The Freak

Description

128 pages
$9.95
ISBN 1-55013-852-9
DDC jC813'.54

Author

Publisher

Year

1997

Contributor

Reviewed by Steve Pitt

Steve Pitt is a Toronto-based freelance writer and an award-winning journalist. He has written many young adult and children's books, including Day of the Flying Fox: The True Story of World War II Pilot Charley Fox.

Review

Jade has been given a gift; unfortunately, it is the kind of gift she
would rather do without. After a nearly fatal bout of meningitis, Jade
has become psychic; she can now read other people’s minds and
occasionally see glimpses of the future. Her new powers turn her school
days into a minefield of embarrassing situations as she learns and
inadvertently reveals some of her friends’ most personal secrets.

Jade soon finds herself ostracized by everyone she knows except Jon,
her new boyfriend. And then life becomes even more complicated when a
gang of skinheads begin targeting Jade and Jon because she is a Jew and
he is East Indian. Jade does not need her psychic powers to know that
something very unpleasant and possibly even deadly is about to happen.

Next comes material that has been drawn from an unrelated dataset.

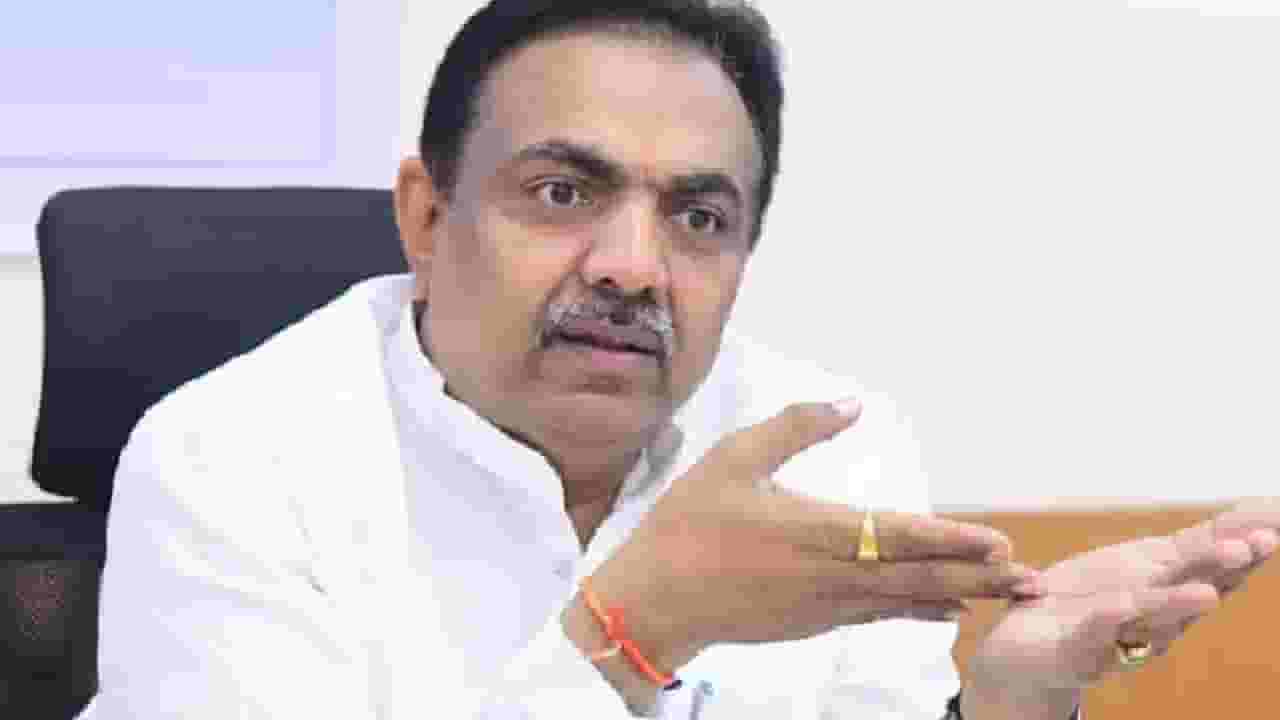 ‘कोणीतरी डोळे वटारल्याने नवी जाहिरात आली’; जयंत पाटील यांची शिंदे गटावर खरमरीत टीका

Carol Matas is a prolific writer of children’s books with several
awards already to her credit. This book, which contains a little bit of
psychiatry, spiritualism, comparative religions, Nazi-hunting, and some
good old-fashioned teenaged romance, is up to her previous standards of
fast-paced prose and challenging content. And further, her main
characters are believable and interesting. The skinheads, for example,
are not just two-dimensional cartoon bogeymen but sad and sometimes
complicated people who are all the more frightening for being
recognizable as human beings. Recommended.